Russia sees U.S. hand in Korean situation

Keeping up tension on the peninsula is the only way the U.S. can justify the continuing presence of its forces, say experts.

December 20, 2010 12:13 am | Updated November 17, 2021 03:20 am IST

As the crisis on the Korean peninsula continues unabated, Russia has accused the United States and South Korea of provoking the recent flare-up of tension.

On Friday, the Russian Foreign Ministry summoned the South Korean and U.S. Ambassadors to express “extreme concern” over a planned live-firing drill near a disputed maritime border with North Korea. Russian Deputy Foreign Minister Alexei Borodavkin “strongly urged” the envoys “to refrain from conducting the planned firing in order to avoid further escalation of tensions on the Korean peninsula.” He reminded the envoys that a similar artillery firing on November 23 had “provoked an exchange of fire... that caused casualties.”

The statement is in line with the view of Russian experts on Korea who believe that the U.S. is provoking tension on the Korean Peninsula to continue to threaten Russia and China.

“Keeping up tension on the peninsula is the only way for the U.S. to justify the more than half-a-century-long presence of American forces in Japan and South Korea that is directed against Russia and especially China,” said Dr. Alexander Zhebin, head of the Centre for Korean Studies at the Russian Institute of the Far East.

The scholar said that had it not been for the North Korean “threat”, the U.S. would be hard put to explain the need for deploying missile defences in East Asia, which is proceeding much faster than in Europe and targets Russia and China rather than North Korea.

Russia's Friday statement on the Korea crisis signalled a perceptible shifted from its initial reaction to North Korea's shelling of South's Yeonpyeong Island that killed four people. Moscow then just “strongly condemned the use of force in inter-state relations” and urged both sides to show restraint.

After the crisis broke out Russia launched intensive diplomatic efforts to ease tension, hosting in Moscow the Foreign Ministers of Japan, North and South Korea and dispatching a senior diplomat to Washington for talks in the State Department. Russia clearly resented the U.S. decision to hold trilateral talks in Washington with Japan and South Korea instead of a China-proposed meeting of the six nations involved in long-stalled North Korean denuclearisation talks, which also includes China, Russia and North Korea.

Russia called for an urgent meeting of the United Nations Security Council on Saturday. As the meeting was shifted to Sunday, Russia's U.N. Ambassador Vitaly Churkin accused the U.S. chairperson of the Security Council of delay tactics.

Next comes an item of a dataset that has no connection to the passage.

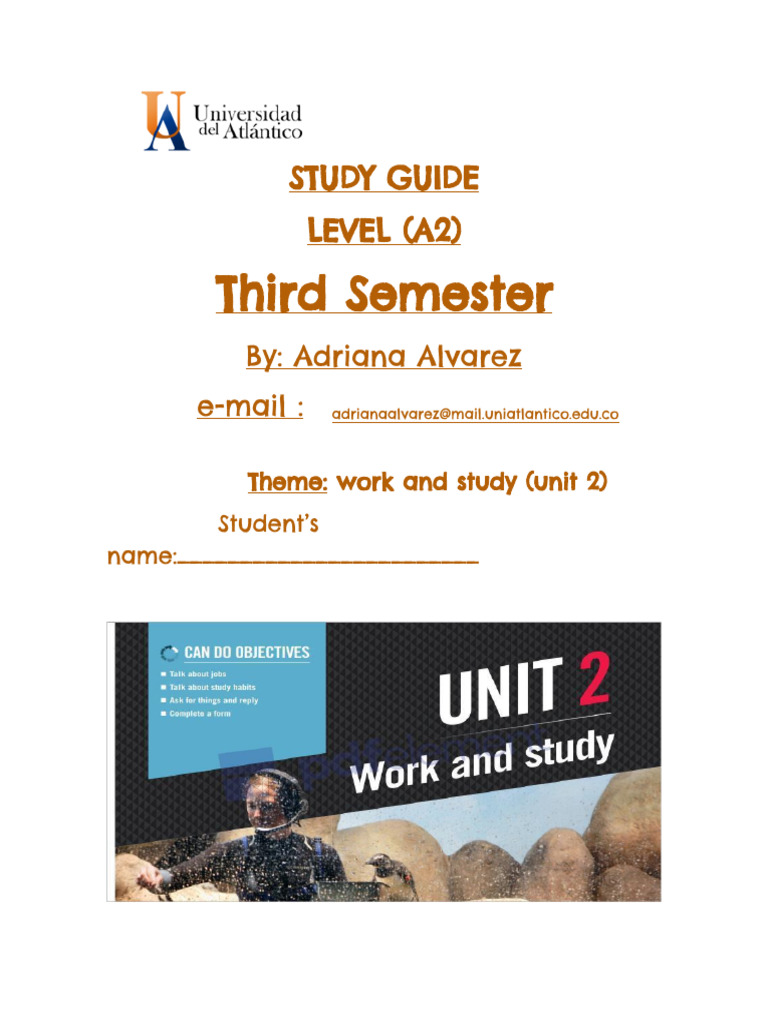 A2 Study Guide: Work and Study Unit | PDF | Human Communication ...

“We believe such action by the Chairperson is a departure from the established Council practice,” Mr. Churkin said.

A senior Kremlin official bluntly blamed the latest crisis between the two Koreas on “the military activity of South Korea and its allies that has recently intensified.”

“When military drills are held near the demarcation lines between the Korean states and especially in disputed areas, they become particularly provocative,” said Deputy Secretary of Russia's Security Council Vladimir Nazarov.

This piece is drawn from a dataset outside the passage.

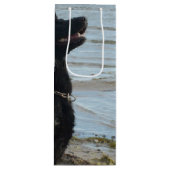 Black Alsatian Silhouette Wijn Cadeautas (Voorkant)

As it hit out at the U.S., Moscow said it saw eye to eye with Beijing on the Korea crisis. Discussing the problem on telephone on Saturday, the Russian and Chinese Foreign Ministers “coordinated their positions” and “were unanimous” in urging all sides for restraint, according to the Russian Foreign Ministry.

Russia's solidarity with China is significant in the light of Washington's revived strategy of containing and encircling China.

“The recent tour of [U.S. President Barack] Obama of countries around China — India, South Korea, Japan and Indonesia — is an attempt to create a cordon sanitaire against rising China,” Dr. Zhebin said.